# Immortal Pro or Fantom Cross Pro



## Moto Rider (Apr 20, 2007)

Immortal Pro.

This looks like an awesome bike. The screaming racing yellow should keep you visible for miles down the road a good thing. Just saying the word “Carbon Fiber” sounds trick…However, does it hold up over time compared to other materials and how is the ride quality? 










Or

Fantom Cross Pro.

The fact that this does have some real tire tread. Just a small amount should be enough because many of the roads have a small amount of dirt from farm equipment and stuff. The fact that I could install a touring rack is nice option.










I’m just look for a bike for recovery rides and tooling around and racing not a priority. Also I am only interested in these two bikes. Moto Rider can’t ride a TREK it just don’t look right.

Need some opinions on these two bikes. 

Fred.:thumbsup:


----------



## chakup (Jul 31, 2006)

WTH- just bought my fantom cross and then this is released!!! dangit.


----------



## Moto Rider (Apr 20, 2007)

chakup said:


> WTH- just bought my fantom cross and then this is released!!! dangit.

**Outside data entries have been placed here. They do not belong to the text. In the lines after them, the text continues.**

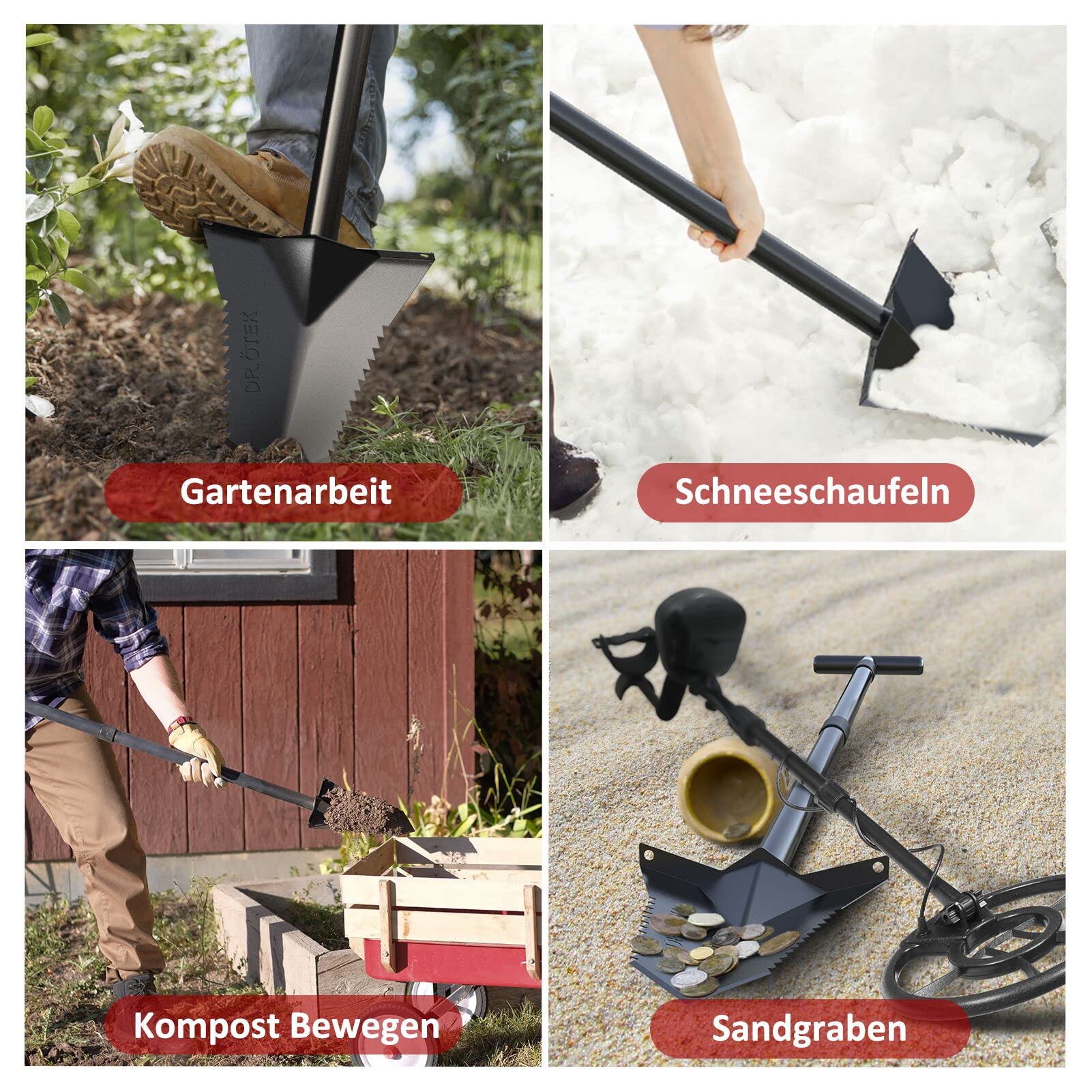 DR.ÖTEK Spaten Schaufel zum Graben, Heavy Duty Garten Schaufel T Handle, Wurzelschneider mit Langen kurzen Griff, Gartengeräte für die Metalldetektion, Transplantation, Camping, 80 & 116 cm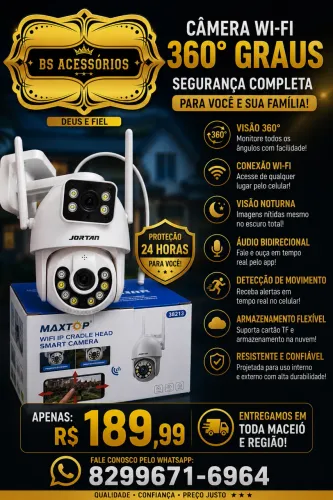 CÂMERA IP EXTERNA E INTERNA 2 LENTES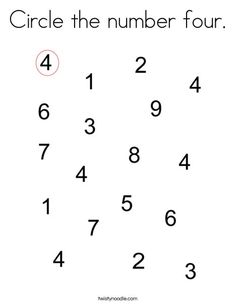 a number four is shown with the words circle the number four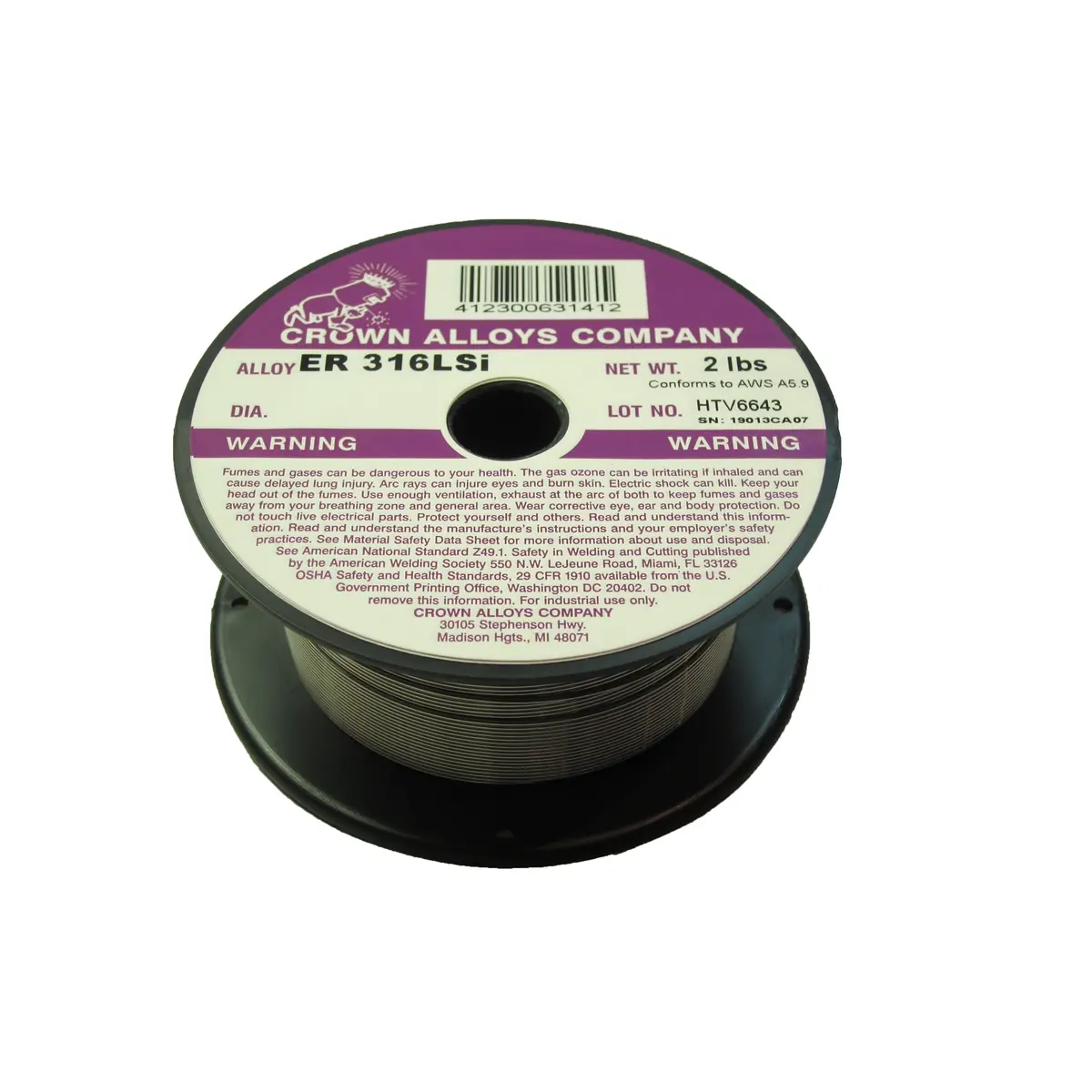 Crown Alloys Er 316Lsi .045X2# Mig Welding Wire 2Lb Spool - Ss316/1Zg 1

I know man, Life can be a B-itch sometimes.  
Anyway, how do you like it?

Fred.:thumbsup:


----------



## chakup (Jul 31, 2006)

For me it's great, haven't ridden in ~1yr so getting myself used to riding again. Ride is good, still working on getting everything set up to me perfect. I have some bumpy uneven roads and it handles good, easy bike to ride. This was coming from a very old specialized hardrock, to a haro X4 to this. Much different bike then I'm used to, but happy with the purchase.


----------



## roctavio (Aug 3, 2006)

So did you end up getting the Fantom Cross Pro? How is it? I am interested in this bike and want to hear some opinions... I wondering if buying a more reputable brand from an LBS is worth the $500 difference in price. I am also looking at the Bianchi Axis, Jamis Nova, Felt F1X and Lemond Poprad.


----------



## TraderH (Nov 1, 2006)

*Ordered A Fantom Cross Pro*

Hi,

I ordered a Fantom Cross Pro last week - hope they ship soon! I was looking for an all around bike that could handle a rack and larger tires, but still had some pep to it. It' s hard to beat the Ultegra and Ritchey components at that price. It appears to have a standard road crank, and I would prefer a compact with a little lower gearing. It's pretty flat around where I live, so the gearing should be fine, but I may change it at some point. I'll post again once it arrives.


----------



## sonex305 (Jun 17, 2007)

I just ordered a Cross PRO as well. Mike at BD said it will be in in about 3 weeks. This will be my winter bike to go along with my Immortal Force. I also ordered a Fantom PRO 29er MTB. That should be here in a week. This will make 5 bikes I purchased from BD so far.


----------



## tennis5 (Mar 12, 2007)

sonex305 said:


> I just ordered a Cross PRO as well. Mike at BD said it will be in in about 3 weeks. This will be my winter bike to go along with my Immortal Force. I also ordered a Fantom PRO 29er MTB. That should be here in a week. This will make 5 bikes I purchased from BD so far.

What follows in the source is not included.